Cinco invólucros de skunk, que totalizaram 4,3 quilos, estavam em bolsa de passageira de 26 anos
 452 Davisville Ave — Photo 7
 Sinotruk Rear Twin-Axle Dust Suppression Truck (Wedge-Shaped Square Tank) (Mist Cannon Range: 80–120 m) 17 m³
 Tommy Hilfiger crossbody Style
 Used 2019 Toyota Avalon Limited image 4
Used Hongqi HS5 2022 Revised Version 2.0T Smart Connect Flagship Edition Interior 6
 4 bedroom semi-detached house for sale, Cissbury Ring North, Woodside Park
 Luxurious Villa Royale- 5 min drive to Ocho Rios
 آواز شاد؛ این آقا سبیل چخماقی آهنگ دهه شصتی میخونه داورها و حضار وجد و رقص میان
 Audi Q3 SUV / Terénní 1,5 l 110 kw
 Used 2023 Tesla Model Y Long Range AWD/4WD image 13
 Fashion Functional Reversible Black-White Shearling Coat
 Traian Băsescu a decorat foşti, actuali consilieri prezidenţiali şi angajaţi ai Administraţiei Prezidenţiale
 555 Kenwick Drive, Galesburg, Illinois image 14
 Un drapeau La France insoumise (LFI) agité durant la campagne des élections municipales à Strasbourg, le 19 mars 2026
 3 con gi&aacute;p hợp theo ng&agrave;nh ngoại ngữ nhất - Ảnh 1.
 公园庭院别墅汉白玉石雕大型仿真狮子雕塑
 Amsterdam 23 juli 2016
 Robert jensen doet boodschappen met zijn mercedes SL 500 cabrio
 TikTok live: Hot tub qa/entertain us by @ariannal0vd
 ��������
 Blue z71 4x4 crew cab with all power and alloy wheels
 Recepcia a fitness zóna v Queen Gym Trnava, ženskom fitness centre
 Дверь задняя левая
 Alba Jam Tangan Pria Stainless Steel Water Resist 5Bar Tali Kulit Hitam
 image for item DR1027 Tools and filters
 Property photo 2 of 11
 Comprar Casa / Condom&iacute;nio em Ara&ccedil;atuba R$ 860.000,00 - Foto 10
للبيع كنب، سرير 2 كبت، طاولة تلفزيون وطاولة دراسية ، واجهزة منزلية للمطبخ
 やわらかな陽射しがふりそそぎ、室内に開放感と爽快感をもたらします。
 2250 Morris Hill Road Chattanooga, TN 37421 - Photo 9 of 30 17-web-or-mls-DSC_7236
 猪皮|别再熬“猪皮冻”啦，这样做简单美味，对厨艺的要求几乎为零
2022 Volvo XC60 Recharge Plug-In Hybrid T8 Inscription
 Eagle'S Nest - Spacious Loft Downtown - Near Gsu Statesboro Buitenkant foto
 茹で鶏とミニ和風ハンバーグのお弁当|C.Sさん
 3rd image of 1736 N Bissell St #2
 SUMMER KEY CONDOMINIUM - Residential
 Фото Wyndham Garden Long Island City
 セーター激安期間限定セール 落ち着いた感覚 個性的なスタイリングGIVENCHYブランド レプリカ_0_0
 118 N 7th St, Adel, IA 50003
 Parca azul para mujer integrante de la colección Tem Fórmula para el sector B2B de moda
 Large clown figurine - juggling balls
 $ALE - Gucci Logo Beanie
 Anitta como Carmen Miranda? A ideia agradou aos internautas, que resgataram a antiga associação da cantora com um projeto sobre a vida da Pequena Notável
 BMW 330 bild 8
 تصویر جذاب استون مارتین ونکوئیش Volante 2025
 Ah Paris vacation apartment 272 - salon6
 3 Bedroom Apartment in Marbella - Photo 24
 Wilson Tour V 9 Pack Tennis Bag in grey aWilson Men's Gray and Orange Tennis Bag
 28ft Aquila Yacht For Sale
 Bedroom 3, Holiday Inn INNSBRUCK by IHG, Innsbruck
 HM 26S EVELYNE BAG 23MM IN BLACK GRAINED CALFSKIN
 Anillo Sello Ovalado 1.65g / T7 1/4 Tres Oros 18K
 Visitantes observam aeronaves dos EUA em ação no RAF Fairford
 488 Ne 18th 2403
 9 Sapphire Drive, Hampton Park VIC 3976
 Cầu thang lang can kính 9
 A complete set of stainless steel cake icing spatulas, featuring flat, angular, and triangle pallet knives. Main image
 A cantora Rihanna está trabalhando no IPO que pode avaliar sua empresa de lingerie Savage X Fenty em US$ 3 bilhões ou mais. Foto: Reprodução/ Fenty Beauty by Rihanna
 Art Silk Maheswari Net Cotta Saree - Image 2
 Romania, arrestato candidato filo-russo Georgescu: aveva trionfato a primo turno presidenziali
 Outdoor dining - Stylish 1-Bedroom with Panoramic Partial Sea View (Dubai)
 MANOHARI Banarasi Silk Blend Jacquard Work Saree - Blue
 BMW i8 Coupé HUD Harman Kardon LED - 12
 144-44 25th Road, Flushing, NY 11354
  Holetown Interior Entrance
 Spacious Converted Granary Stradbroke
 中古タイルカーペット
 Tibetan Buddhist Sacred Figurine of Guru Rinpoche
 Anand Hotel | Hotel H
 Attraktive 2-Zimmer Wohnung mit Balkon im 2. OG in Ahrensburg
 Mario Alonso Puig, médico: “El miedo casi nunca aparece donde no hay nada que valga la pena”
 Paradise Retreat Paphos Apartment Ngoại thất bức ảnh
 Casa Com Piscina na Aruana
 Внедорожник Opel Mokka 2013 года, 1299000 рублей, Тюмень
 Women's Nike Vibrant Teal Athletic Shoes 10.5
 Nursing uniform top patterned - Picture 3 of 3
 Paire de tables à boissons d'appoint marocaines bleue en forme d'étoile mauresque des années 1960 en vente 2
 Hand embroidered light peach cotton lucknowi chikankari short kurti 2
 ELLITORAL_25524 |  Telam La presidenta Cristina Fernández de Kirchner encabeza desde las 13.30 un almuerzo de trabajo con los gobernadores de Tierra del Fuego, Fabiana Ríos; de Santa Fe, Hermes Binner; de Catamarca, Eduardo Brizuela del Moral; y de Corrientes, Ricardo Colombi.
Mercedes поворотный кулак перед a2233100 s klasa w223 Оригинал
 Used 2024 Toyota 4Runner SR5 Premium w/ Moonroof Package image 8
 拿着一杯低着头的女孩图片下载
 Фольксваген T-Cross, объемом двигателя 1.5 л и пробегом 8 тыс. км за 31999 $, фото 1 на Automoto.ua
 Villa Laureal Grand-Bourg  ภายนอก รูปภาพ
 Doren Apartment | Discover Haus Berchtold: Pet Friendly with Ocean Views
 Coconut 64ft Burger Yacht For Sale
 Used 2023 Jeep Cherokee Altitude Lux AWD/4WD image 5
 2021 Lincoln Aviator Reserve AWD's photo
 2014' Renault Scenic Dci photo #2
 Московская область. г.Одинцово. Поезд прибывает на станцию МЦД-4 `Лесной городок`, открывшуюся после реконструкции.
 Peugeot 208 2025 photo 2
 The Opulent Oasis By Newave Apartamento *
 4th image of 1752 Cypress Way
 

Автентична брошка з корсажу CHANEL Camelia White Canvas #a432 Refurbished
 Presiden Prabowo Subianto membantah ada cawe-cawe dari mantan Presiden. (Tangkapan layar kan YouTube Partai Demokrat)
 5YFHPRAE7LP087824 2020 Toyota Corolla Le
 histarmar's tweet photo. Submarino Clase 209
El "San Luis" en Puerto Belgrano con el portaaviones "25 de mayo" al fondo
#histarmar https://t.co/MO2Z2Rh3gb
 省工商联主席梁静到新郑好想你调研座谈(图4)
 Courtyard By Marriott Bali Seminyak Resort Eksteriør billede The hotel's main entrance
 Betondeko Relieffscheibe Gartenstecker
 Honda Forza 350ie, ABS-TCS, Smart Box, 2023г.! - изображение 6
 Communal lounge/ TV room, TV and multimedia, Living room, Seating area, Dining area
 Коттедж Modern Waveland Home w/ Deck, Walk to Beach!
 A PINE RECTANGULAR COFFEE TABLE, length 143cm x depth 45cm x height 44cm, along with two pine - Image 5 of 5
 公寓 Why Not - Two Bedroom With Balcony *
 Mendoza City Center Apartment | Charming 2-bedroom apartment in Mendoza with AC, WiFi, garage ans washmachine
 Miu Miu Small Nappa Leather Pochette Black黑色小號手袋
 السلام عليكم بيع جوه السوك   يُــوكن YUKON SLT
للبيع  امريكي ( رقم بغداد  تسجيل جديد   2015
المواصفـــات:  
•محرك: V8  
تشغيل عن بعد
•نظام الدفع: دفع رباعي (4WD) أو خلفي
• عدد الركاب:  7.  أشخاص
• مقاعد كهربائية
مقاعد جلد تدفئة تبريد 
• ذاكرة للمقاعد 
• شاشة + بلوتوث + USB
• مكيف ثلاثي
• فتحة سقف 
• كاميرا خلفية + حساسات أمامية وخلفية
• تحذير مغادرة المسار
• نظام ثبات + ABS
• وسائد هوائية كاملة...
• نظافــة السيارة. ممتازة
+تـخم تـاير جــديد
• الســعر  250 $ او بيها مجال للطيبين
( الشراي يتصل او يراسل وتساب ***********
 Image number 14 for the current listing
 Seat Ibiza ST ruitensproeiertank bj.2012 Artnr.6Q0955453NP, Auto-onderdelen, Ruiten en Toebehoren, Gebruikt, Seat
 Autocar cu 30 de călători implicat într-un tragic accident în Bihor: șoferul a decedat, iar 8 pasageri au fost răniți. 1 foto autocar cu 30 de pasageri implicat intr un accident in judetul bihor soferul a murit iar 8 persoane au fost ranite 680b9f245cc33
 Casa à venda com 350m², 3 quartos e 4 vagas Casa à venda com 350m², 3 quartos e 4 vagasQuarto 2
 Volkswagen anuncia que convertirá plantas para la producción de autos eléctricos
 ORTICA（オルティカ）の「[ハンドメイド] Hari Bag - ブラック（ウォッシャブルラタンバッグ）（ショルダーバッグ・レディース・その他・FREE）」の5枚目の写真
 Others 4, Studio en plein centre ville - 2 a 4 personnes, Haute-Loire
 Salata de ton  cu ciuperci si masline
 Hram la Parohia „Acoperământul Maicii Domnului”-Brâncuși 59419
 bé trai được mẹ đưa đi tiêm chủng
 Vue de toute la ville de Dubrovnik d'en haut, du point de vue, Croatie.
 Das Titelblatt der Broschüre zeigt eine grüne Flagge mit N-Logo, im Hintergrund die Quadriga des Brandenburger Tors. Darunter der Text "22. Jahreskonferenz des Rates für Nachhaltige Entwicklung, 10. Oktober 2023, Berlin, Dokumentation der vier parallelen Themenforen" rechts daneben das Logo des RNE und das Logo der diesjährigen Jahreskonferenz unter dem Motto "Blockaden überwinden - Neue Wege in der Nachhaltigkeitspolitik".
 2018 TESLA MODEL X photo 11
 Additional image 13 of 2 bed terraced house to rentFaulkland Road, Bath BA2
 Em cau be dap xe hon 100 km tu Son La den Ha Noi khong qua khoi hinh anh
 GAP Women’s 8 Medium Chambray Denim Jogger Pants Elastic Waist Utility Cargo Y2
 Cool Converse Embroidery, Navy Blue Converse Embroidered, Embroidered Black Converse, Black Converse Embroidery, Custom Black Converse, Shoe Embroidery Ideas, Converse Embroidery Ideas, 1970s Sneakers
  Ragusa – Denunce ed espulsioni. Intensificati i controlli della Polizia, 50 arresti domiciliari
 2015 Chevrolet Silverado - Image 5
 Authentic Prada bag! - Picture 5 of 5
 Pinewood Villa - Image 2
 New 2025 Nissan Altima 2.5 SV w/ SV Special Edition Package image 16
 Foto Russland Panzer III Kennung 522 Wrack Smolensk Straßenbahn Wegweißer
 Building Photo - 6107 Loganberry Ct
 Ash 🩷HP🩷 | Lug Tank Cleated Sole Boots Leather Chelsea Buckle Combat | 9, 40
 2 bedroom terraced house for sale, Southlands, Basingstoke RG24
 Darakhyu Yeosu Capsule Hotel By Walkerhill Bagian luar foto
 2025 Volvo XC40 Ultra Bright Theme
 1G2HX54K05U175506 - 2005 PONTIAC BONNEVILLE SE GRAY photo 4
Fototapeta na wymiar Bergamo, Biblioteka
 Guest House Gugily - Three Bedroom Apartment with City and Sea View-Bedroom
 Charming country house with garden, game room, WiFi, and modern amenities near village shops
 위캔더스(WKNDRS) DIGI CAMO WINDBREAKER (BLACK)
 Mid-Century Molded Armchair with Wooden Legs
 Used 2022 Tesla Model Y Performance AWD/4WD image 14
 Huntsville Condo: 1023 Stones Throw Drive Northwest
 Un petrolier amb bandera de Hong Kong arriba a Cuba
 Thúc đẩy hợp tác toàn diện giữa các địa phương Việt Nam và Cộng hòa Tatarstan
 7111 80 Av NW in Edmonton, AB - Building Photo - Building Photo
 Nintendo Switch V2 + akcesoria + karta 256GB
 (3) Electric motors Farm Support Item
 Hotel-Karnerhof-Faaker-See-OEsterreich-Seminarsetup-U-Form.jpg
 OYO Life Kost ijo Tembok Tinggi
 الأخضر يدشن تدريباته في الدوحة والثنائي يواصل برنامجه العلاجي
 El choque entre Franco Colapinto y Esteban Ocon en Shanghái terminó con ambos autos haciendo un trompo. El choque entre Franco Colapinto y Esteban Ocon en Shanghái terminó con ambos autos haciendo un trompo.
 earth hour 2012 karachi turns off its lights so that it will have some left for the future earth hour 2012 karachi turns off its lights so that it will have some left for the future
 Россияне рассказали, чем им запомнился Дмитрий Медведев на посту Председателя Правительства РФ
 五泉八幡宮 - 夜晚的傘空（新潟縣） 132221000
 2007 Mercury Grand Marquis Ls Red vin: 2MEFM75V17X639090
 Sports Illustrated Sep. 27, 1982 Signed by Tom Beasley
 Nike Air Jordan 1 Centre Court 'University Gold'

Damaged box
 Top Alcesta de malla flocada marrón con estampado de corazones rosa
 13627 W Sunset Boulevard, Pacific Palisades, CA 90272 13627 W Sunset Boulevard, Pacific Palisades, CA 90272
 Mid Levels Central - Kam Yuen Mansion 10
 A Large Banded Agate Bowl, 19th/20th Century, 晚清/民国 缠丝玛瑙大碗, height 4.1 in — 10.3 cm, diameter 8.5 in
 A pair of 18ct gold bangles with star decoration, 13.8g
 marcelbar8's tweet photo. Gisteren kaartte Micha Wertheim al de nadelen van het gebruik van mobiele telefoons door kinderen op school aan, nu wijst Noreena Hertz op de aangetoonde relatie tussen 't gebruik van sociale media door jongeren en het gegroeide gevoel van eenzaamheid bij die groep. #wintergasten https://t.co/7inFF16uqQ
======
▶ **WHAT IS BEING ASKED**
Please reproduce the lines from the line with "Huntsville Condo: 1023" to the line with "الأخضر يدشن تدريباته", both ends included, exactly as they appear above.

▶ **ANSWER**
 Huntsville Condo: 1023 Stones Throw Drive Northwest
 Un petrolier amb bandera de Hong Kong arriba a Cuba
 Thúc đẩy hợp tác toàn diện giữa các địa phương Việt Nam và Cộng hòa Tatarstan
 7111 80 Av NW in Edmonton, AB - Building Photo - Building Photo
 Nintendo Switch V2 + akcesoria + karta 256GB
 (3) Electric motors Farm Support Item
 Hotel-Karnerhof-Faaker-See-OEsterreich-Seminarsetup-U-Form.jpg
 OYO Life Kost ijo Tembok Tinggi
 الأخضر يدشن تدريباته في الدوحة والثنائي يواصل برنامجه العلاجي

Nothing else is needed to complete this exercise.